Da ultimo, vanno individuati traguardi raggiungibili (entro un determinato arco temporale) e misurabili così da definire condizioni contrattuali adeguate, prevedendo – se del caso – apposite premialità (circostanza quest’ultima ammessa anche dall’art. 1, comma 2, lett. h), n. 3 della l. 21 giugno 2022, n. 78, recante “Delega al Governo in materia di contratti pubblici”).
Solo in questo modo gli “auspici” possono provare a diventare realtà e rendere i contratti pubblici socialmente responsabili realmente efficaci.
Esempi concreti di good practices al riguardo si possono, in parte, ricavare dalle esperienze europee (Nantes, Paesi Baschi, Copenaghen, Soderhamn, Lisbona, Monaco, Vallonia, etc.) e, in parte, mutuare dal mondo degli accordi collaborativi.
In ambito nazionale si possono trarre spunti di riflessione dal Rapporto 2020 dell’Agenzia Intercent-ER (“Il contributo di Intercent-ER all’agenda 2030 e agli obiettivi di sviluppo sostenibile”), la centrale d’acquisto della Regione Emilia Romagna, che dal 2011 ad oggi ha attivato 49 convenzioni caratterizzate dalla presenza di criteri sociali in relazione a molteplici categorie merceologiche.

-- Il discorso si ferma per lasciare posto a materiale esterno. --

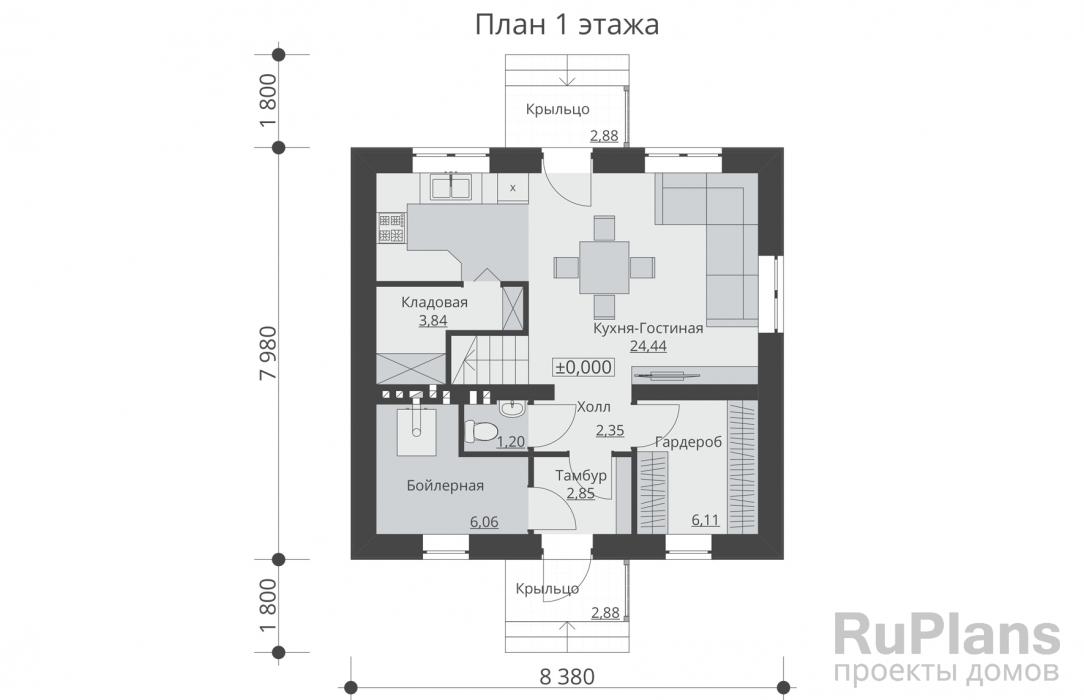 Проекты домов 7 на 8 из пеноблоков. Дом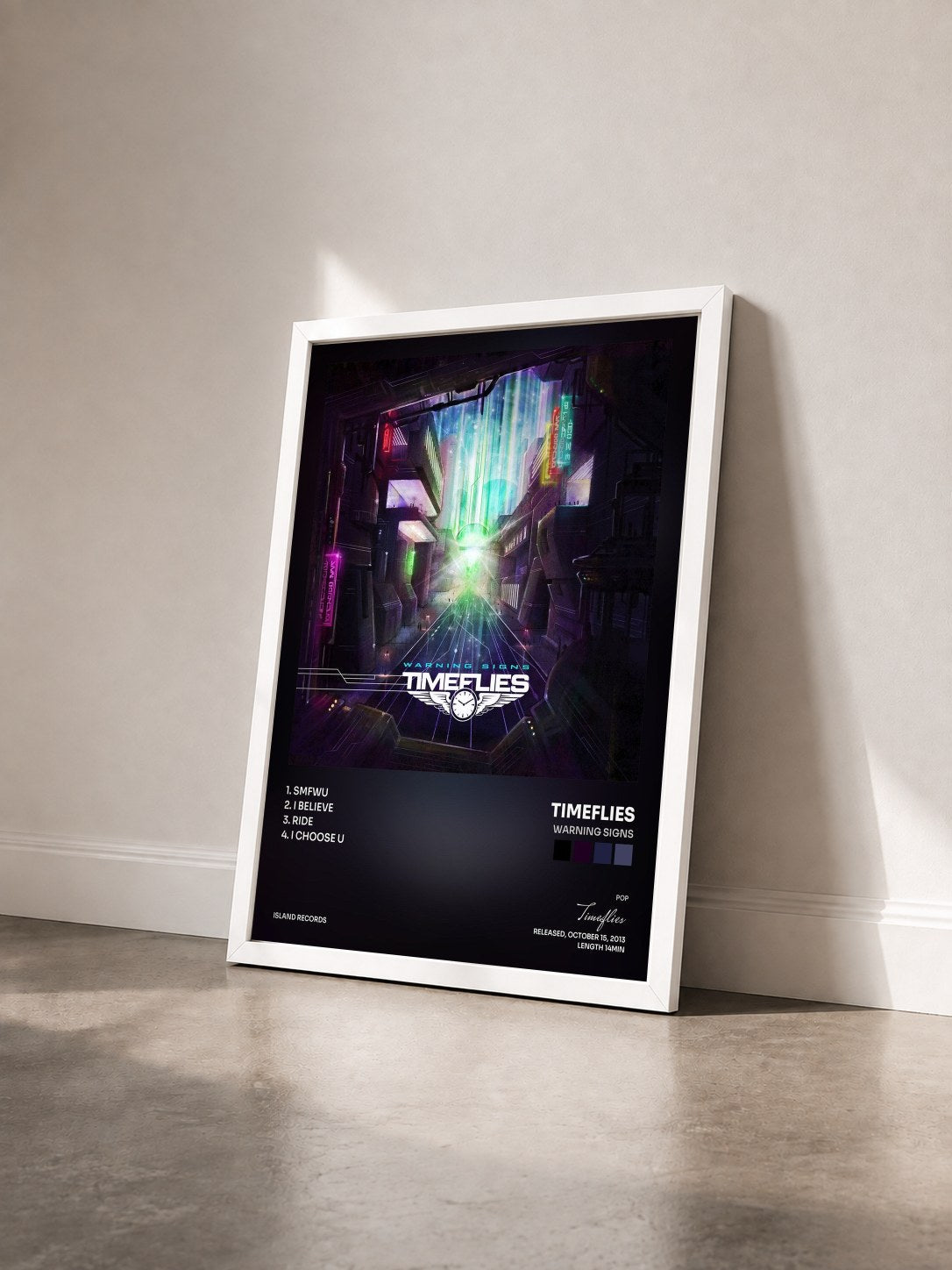 #blanc Tableau de l'album Warning Signs de Timeflies vu de trois quarts, cadre blanc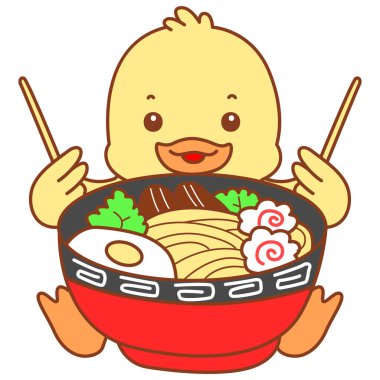 Şirin ördek vektör ikonu. Komik bebek ördek hayvan serisi örnekleri. Yumuşak Ördek Tasarımları Hayatı.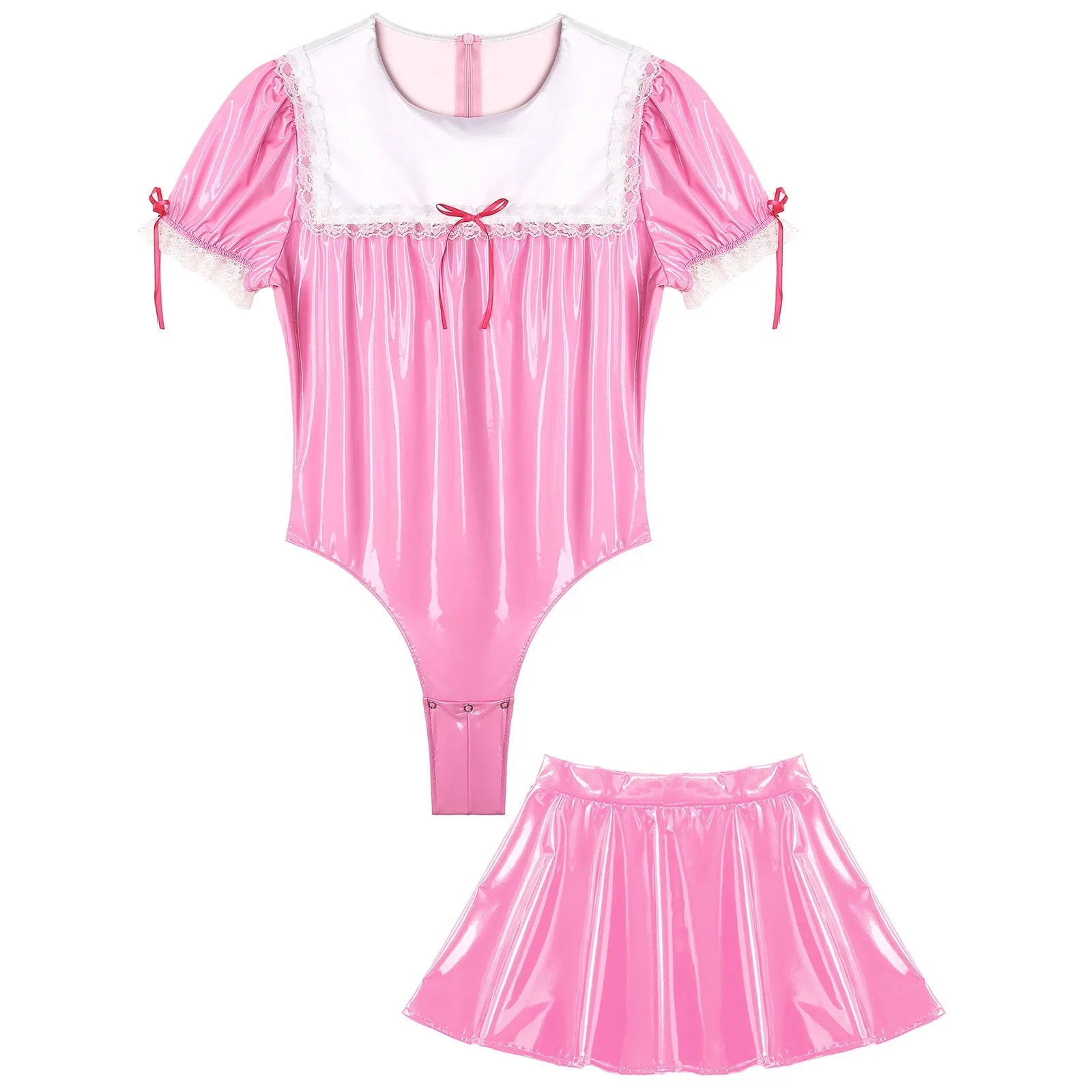 Pink Patent Sissy Maid Suit with Flared Skirt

Si può, poi, prendere spunto – specie con riferimento alle tematiche della parità di genere – dalla United Nations Development Programme Procurement Strategy 2015-2017, dal Gender-responsive public procurement, documento elaborato dall’European Institute for Gender Equality (EIGE), dal Sustainable Public Procurement How to “Wake the Sleeping Giant” Introducing the United Nations Environment Programme’s Approach, Second Edition, oltre che da tutta una serie di iniziative di stampo nazionale, quali:
- a. l’atto di risoluzione con cui l’Assemblea legislativa dell’Emilia Romagna, in data 27 aprile 2022, ha impegnato la Giunta Regionale “a valutare, fin dalla predisposizione dei prossimi bandi regionali, gli strumenti più adeguati per l’introduzione, nelle procedure di gara, di criteri premiali di Gender responsive public procurement (Grpp) al fine di riconoscere e premiare il valore aggiunto delle imprese, anche nella forma di raggruppamenti temporanei o consortili, che al proprio interno promuovono la parità di genere e le pari opportunità”, oltre che “a condividere la conoscenza di tali pratiche con la rete degli Enti Locali e di tutti i soggetti che a vario titolo svolgono un ruolo attivo nell’attuazione delle politiche del lavoro in Regione Emilia-Romagna”;
- b. la mozione con cui l’Assemblea legislativa dell’Umbria, in data 11 gennaio 2022, ha chiesto all’unanimità alla Giunta Regionale di “adottare lo strumento del Gender Responsive Public Procurement (GRPP) quale strumento di promozione della parità di genere nelle procedure di evidenza pubblica per l’affidamento e l’esecuzione di lavori, servizi e forniture di competenza della Regione o degli Enti dalla stessa dipendenti o controllati, nonché ai fini della valutazione di progetti presentati nell’ambito di avvisi e bandi regionali; definire i criteri e i parametri idonei a dimostrare la sensibilità degli operatori economici al tema della parità di genere e dunque ad orientare la valutazione delle commissioni giudicatrici in sede di aggiudicazione delle procedure; predisporre apposite linee guida per la redazione dei capitolati di gara al fine di fornire adeguate indicazioni alle stazioni appaltanti e garantire la più ampia diffusione dello strumento all’interno dell’amministrazione regionale e delle altre centrali di committenza operanti nel territorio”;
- c. la delibera della Giunta Regionale della Puglia n. 1285 del 28 luglio 2021, recante “Primi indirizzi operativi per favorire l’eguaglianza di genere attraverso gli appalti pubblici”.
Infine, non va dimenticato che, in data 16 marzo 2022, è entrata in vigore la prassi di riferimento UNI/PdR 125:2022 per la parità di genere all’interno delle organizzazioni.
La strada sembra tracciata. Non resta, dunque, che seguirla dando vita a iniziative concrete. Ma è proprio qui che viene “il difficile”.